Perderam o emprego em 1993 e continuam a lutar nos tribunais. Agora, uma decisão europeia reforça a possibilidade de antigos trabalhadores da Air Atlantis receberem uma indemnização do Estado português por erros judiciais. Ainda cabe à Justiça portuguesa verificar os requisitos necessários para essa reparação.
O acórdão foi proferido em 8 de setembro pelo Tribunal de Justiça da União Europeia (TJUE), no processo que opõe João Filipe Ferreira da Silva e Brito e outros antigos trabalhadores ao Estado português.

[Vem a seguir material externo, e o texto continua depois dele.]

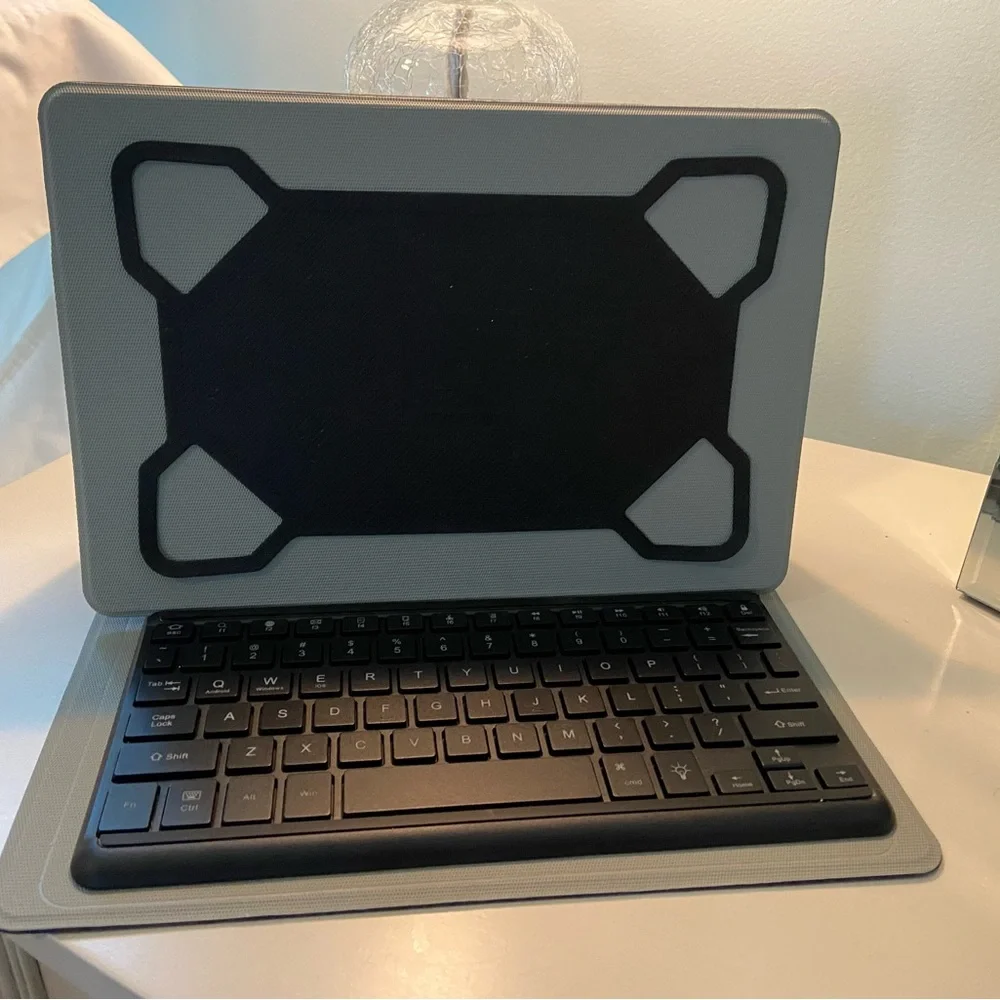 M-Edge Stealth Pro Keyboard - Picture 1 of 11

Emprego acabou, mas os voos continuaram
O despedimento coletivo produziu efeitos em 30 de abril de 1993. Logo no dia seguinte, a TAP começou a assegurar parte dos voos que a Air Atlantis tinha contratado para o verão, utilizando quatro dos oito aviões explorados pela empresa dissolvida.
Os trabalhadores alegaram ter aceitado a compensação pelo despedimento convencidos de que o encerramento era inevitável. Segundo a informação divulgada pelo ECO, que cita o Jornal de Negócios, desconheciam que a TAP ficaria com equipamento e prosseguiria parte das operações.
Trabalhadores pediram integração na TAP
Foi essa continuidade que levou os antigos funcionários a contestarem o despedimento e a pedirem integração na TAP, principal acionista da Air Atlantis. A discussão passou a centrar-se na existência de uma transferência de estabelecimento e nas consequências para os contratos de trabalho.
Em 2007, o Tribunal do Trabalho de Lisboa condenou a TAP a reintegrá-los e a indemnizá-los. No ano seguinte, a Relação de Lisboa alterou essa sentença, de acordo com a fonte anteriormente citada.
Por que é o Estado chamado a responder
Em 2009, o Supremo Tribunal de Justiça rejeitou o recurso dos trabalhadores sem pedir esclarecimentos ao Tribunal da Justiça da União Europeia (TJUE) sobre a interpretação das regras europeias. Os antigos funcionários avançaram então com uma ação contra o Estado pelos prejuízos que atribuíam àquela decisão.
De acordo com o comunicado do TJUE, em 2015 o tribunal europeu já tinha considerado existir uma transferência de empresa e concluído que o Supremo deveria ter solicitado esses esclarecimentos.
Nova decisão aponta erros do Supremo
No acórdão deste mês, o TJUE identifica erros na interpretação das regras europeias, tendo em conta decisões que já existiam quando o Supremo se pronunciou em 2009.
A ausência de consulta ao tribunal europeu também pesa nessa avaliação. Estes elementos apontam para uma violação suficientemente grave para poder responsabilizar o Estado, embora essa verificação caiba ao tribunal português.
Compensação recebida não eliminava estes direitos
O acórdão esclarece ainda que, numa transferência de empresa abrangida pelas diretivas europeias, receber a compensação legal por despedimento coletivo não pode retirar ao trabalhador a possibilidade de contestar o despedimento e reclamar a proteção conferida por essas regras.
Esta conclusão diz respeito aos direitos protegidos pelas diretivas sobre transferência de empresas. Não significa que qualquer trabalhador que tenha recebido uma compensação passe automaticamente a ter direito a outro pagamento, de acordo com as fontes anteriormente citadas.
O tribunal português terá de verificar a gravidade da violação e a ligação direta entre essa violação e os prejuízos reclamados. O acórdão europeu não fixa valores nem estabelece uma data para o pagamento.